MADAME D'ALUNOY EN EL CASTILLO DE LERMA
En su visita al Castillo de Lerma, Burgos, dice lo
siguiente:
“Me pregunto el conserje si deseaba ver a las monjas, cuyo
convento está vecino al castillo; le dije que si lo deseaba, y él nos hizo
atravesar una galería, al fin de la cual descubrimos una reja, en la que
aparecieron luego varias religiosas, bellas como el sol, cariñosas,
regocijadas, jóvenes, discurriendo acerca de todo con acierto.
Hablando estaba yo con la abadesa cuando una niña entró a
decirle algo en voz baja, y una vez concluido el recado, supe que una dama de
alta calidad, hija de D. Manrique d Lara, Duque de Valencia y viuda de D.

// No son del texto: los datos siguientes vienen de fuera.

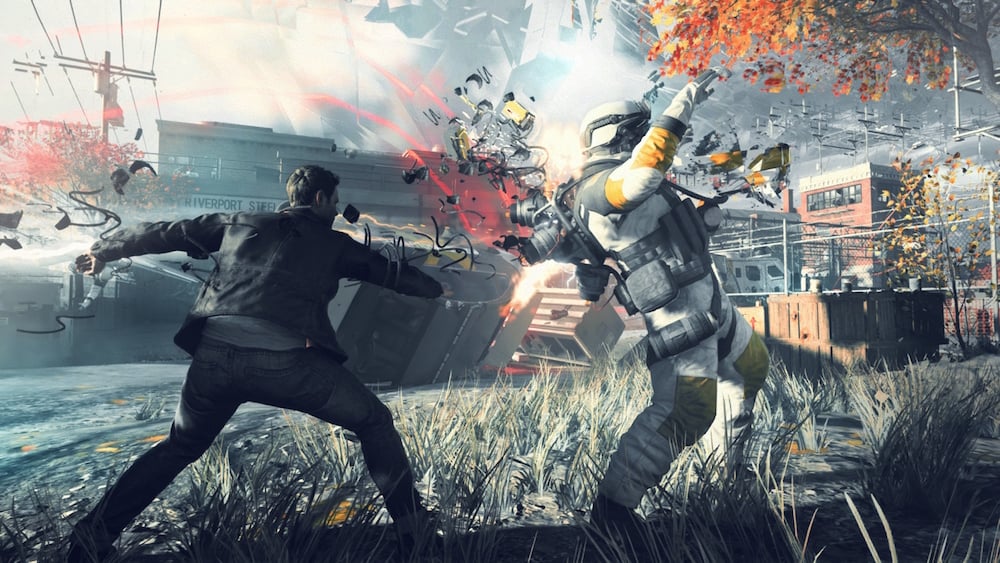 The hero of the Xbox One exclusive game Quantum Break fights against an enemy soldier. The hero of the Xbox One exclusive game Quantum Break fights against an enemy soldier.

Francisco Fernández de Castro, Conde de Lemos y Grande de España, vivía
retirada en aquel convento, y cuando averiguaba que alguna dama francesa se
detenía en Lerma, rogábale que le hiciera una visita. Prometí agradarla y la
niña le llevó mi respuesta.
La dama se acercó a la reja poco rato después, vestida como
las españolas de hace cien años; llevaba chapines, que son una especie de
sandalias que levantan mucho el pie, y con las cuales no es posible andar sin
apoyarse mucho en otra persona; sostenían a la Condesa las dos hijas del
Marques del Carpio; una rubia, cosa poco general en este país, y la otra con
los cabellos negros como el azabache.
Su hermosura me sorprendió, y para mi gusto, solo las
encontré algo delgadas, pero esto no es un defecto en este país donde agrada
ver los huesos dibujándose a través de la piel. El traje de la Condesa de Lemos
me pareció tan singular que preocupó mi atención. Aquella señora vestía una
especie de corpiño de raso negro abrochado con gruesos rubíes de un valor
considerable, y tan subido el cuello como un ajustador, con mangas estrechas
rematadas en altas hombreras.
Un espantoso guardainfante que no le permitía sentarse como
no fuera en el suelo, sostenía una falda bastante corta de raso negro, acuchillada
profusamente con brocado de oro. Llevaba un cuello alechugado y collar de
magnificas perlas y diamantes. Sus cabellos eran blancos, pero los ocultaba
cuidadosamente bajo una blonda negra.
Tenía setenta y cinco años, y juzgue que habría sido extraordinariamente
bella; sus ojos brillaban aún y su piel estaba tersa sin la más insignificante
arruga; fuera difícil encontrar un carácter más delicado y más vehemente que el
de la anciana Condesa. Su talento chispeante y su figura hermosa según me
refirieron, han llamado mucho la atención entre la sociedad de su tiempo; yo la
contemplaba como se mira una interesante antigüedad”.